■ Work task: Your answer must be the lines from the one containing "BMW 5 Serie" through the last line of the records below, copied exactly, with the pictures left out.

■ Provided data:

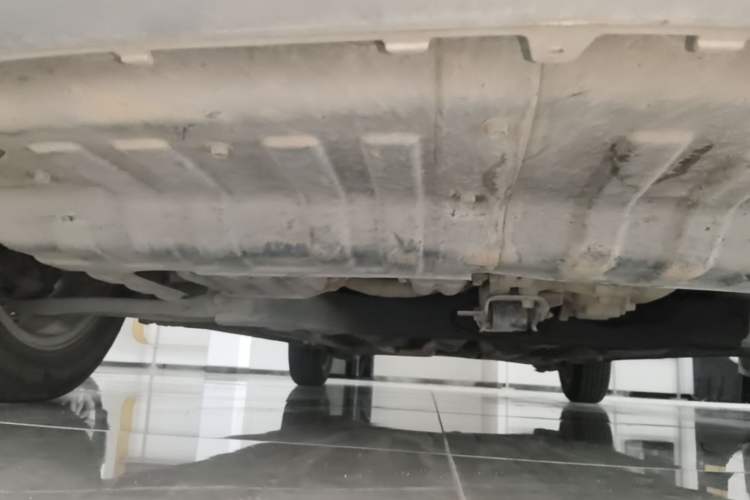 Used Hyundai Verna (older generation) 2014 1.4L Manual Smart GLS Trim Chassis Front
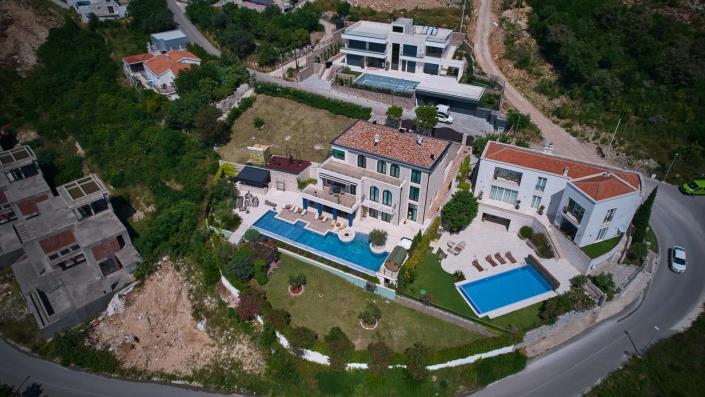 Image No.31-6 Bed Villa for sale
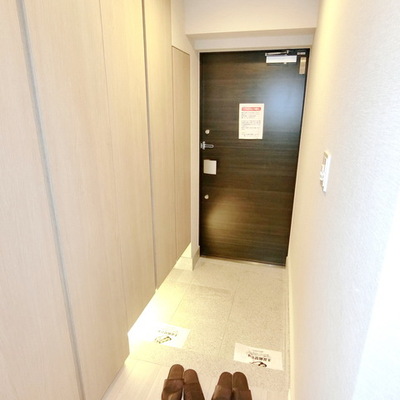 
						玄関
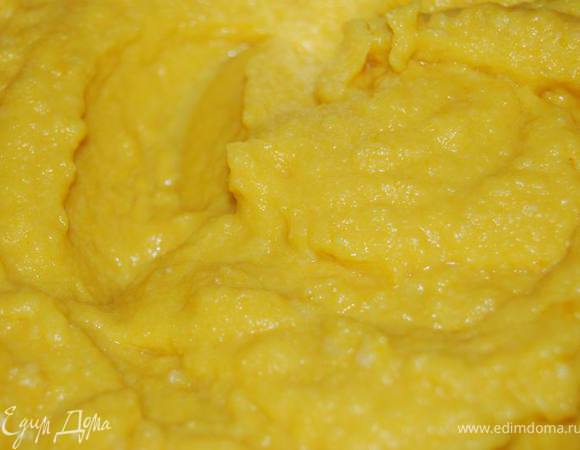 Для пюре сварить в подсоленной воде до готовности порезанную кусочками морковь и разобранную на соцветия цветную капусту, пюрировать в блендере, добавить сливочное масло. 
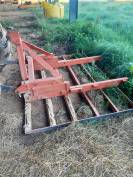 VEND OUTILS ENTRETIEN SOL EQUESTRE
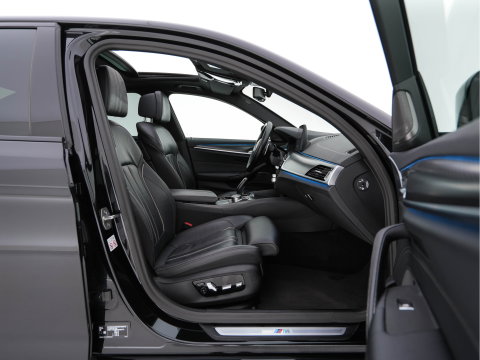BMW 5 Serie 530e M-Sportpack Business Edition Plus (Plug-in) {SoH-86%} (INCL-BTW) *PANO | LEATHER | FULL-LED | MEMORY-PACK | HARMAN/KARDON | BLINDSPOT | DIGI-COCKPIT | CAMERA | NAVI-FULLMAP | PRIVACY-GLASS | SHIFTPADDLES | ECC | PDC | HEAD-UP | 19''ALU*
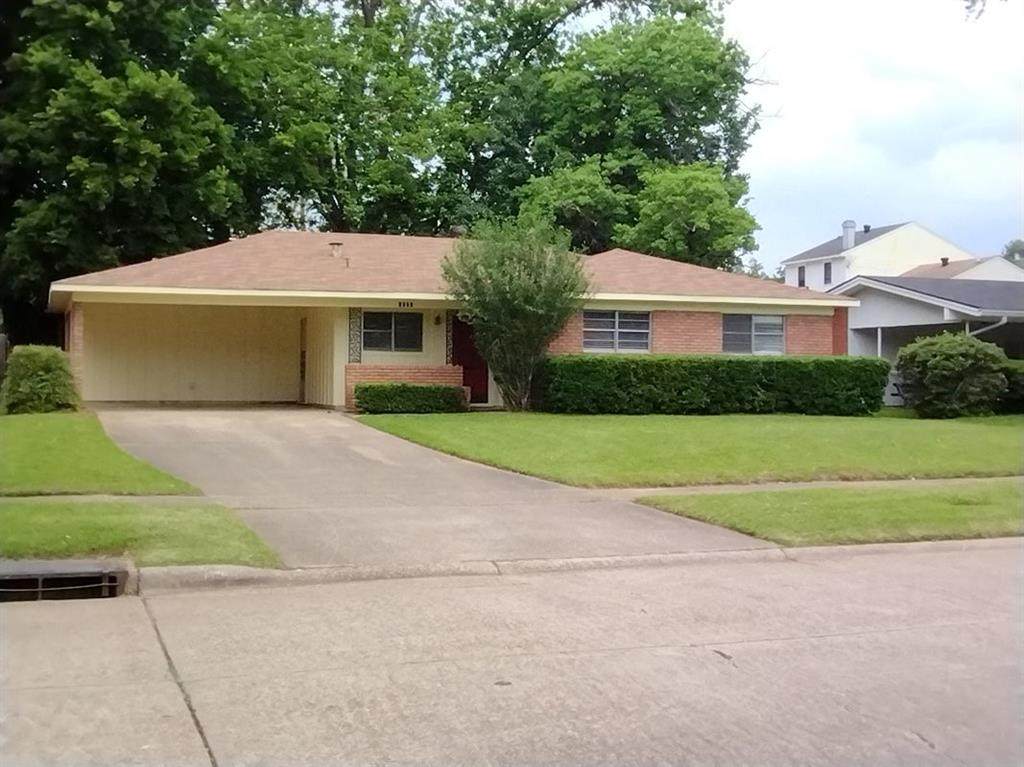 2801 Higgins Street - Photo 1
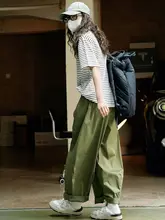 ミリタリーグリーン デザイン抽绳付きアーチ型ワイドレッグカジュアルパンツ【夏用・薄手・高腰・防日焼け】（セットアップ対応）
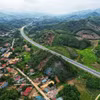 Dans le financement des projets d’infrastructures, le crédit bancaire continue de jouer un rôle essentiel, notamment pour les projets de grande envergure. Photo: VNA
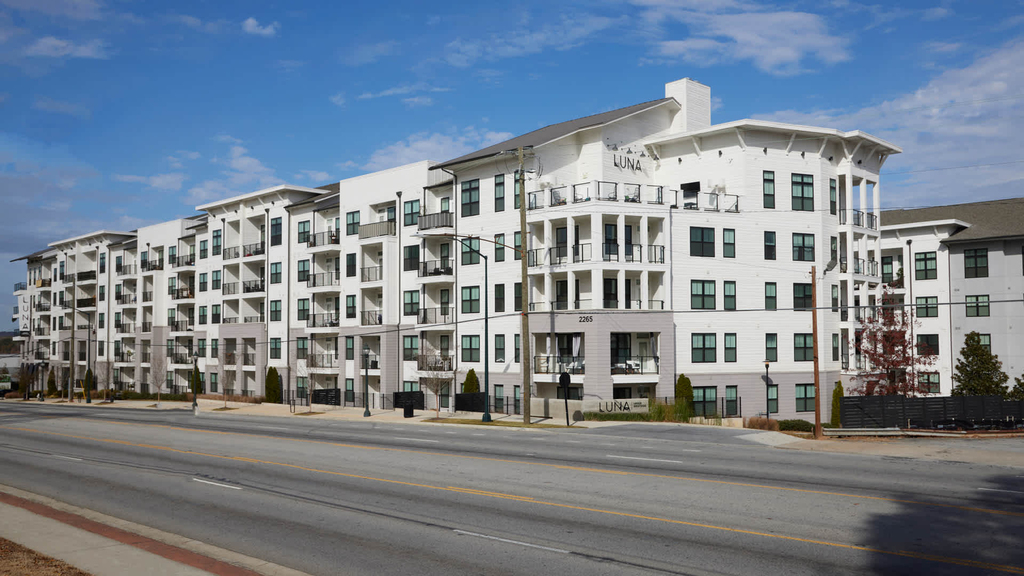 2265 Marietta Blvd Nw - Photo 0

■ Task response:
BMW 5 Serie 530e M-Sportpack Business Edition Plus (Plug-in) {SoH-86%} (INCL-BTW) *PANO | LEATHER | FULL-LED | MEMORY-PACK | HARMAN/KARDON | BLINDSPOT | DIGI-COCKPIT | CAMERA | NAVI-FULLMAP | PRIVACY-GLASS | SHIFTPADDLES | ECC | PDC | HEAD-UP | 19''ALU*
 2801 Higgins Street - Photo 1
 ミリタリーグリーン デザイン抽绳付きアーチ型ワイドレッグカジュアルパンツ【夏用・薄手・高腰・防日焼け】（セットアップ対応）
 Dans le financement des projets d’infrastructures, le crédit bancaire continue de jouer un rôle essentiel, notamment pour les projets de grande envergure. Photo: VNA
 2265 Marietta Blvd Nw - Photo 0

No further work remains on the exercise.